易木神谷户 2024-09-04 14:12:56

终于,在胆战心惊中走出芦苇荡,面前有一条东西走向的土公路。在路北围墙中有十多幢平房。看上去不像是民宅,与我们农场的宿舍差不多。走近一看,这是县里办的五七干校。

上前问门卫。正在值班是一位壮汉,他倒是问了我从哪儿来,到哪里去。我一一回答后,他表示很惊讶我的胆量,说是在初夏能穿过这八里大洼的人,是头一次见过。前些日子,有河西的社员来这芦苇荡里摸鱼虾,被毒蛇咬了,来不及救治死了。被壮汉这么一说,我后怕起来,全身都起:鸡皮疙瘩。

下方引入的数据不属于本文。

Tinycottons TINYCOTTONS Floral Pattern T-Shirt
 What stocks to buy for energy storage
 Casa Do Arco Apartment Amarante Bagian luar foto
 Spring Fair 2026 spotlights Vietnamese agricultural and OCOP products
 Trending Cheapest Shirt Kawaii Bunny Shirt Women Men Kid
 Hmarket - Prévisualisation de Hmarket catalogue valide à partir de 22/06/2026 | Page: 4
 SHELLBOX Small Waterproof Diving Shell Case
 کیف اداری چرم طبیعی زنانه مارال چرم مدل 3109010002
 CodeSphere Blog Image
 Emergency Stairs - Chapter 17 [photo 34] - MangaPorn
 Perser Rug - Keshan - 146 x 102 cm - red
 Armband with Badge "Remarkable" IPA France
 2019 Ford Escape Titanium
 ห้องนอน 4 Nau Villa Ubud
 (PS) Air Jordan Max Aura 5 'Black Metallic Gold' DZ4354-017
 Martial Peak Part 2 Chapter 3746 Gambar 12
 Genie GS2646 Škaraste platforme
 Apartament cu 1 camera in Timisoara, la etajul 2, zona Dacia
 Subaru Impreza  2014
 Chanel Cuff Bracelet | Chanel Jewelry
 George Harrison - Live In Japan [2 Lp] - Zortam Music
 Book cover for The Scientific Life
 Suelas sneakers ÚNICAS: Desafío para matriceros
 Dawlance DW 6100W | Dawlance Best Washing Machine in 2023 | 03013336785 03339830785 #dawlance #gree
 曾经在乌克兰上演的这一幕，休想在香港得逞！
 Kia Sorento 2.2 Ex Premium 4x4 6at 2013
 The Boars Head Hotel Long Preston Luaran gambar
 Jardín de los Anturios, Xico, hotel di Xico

壮汉问我去哪里。我说去曹镇,他又很吃惊。说这里离镇上有十多里,没有路可走的。我说有人告诉我,曾经徒步去过,他说不知道。并告诉我,从这儿朝西走,到新堡河边,有一摆渡口,可到了那儿去问问。

此时,天已大亮。可能是黄梅季节到了吧。大片大片的乌云从天上驰过。一会儿初升的阳光照亮大地。一会儿又是乌云阵阵,飘起了细雨来。我出来匆忙,没带伞。在这半荒芜之地。短袖衬衫被淋得通湿。我想起了那曹镇九点的公交车。而没有条件买手表。也不知现在是几点了,心里有点发急。又是一溜小跑。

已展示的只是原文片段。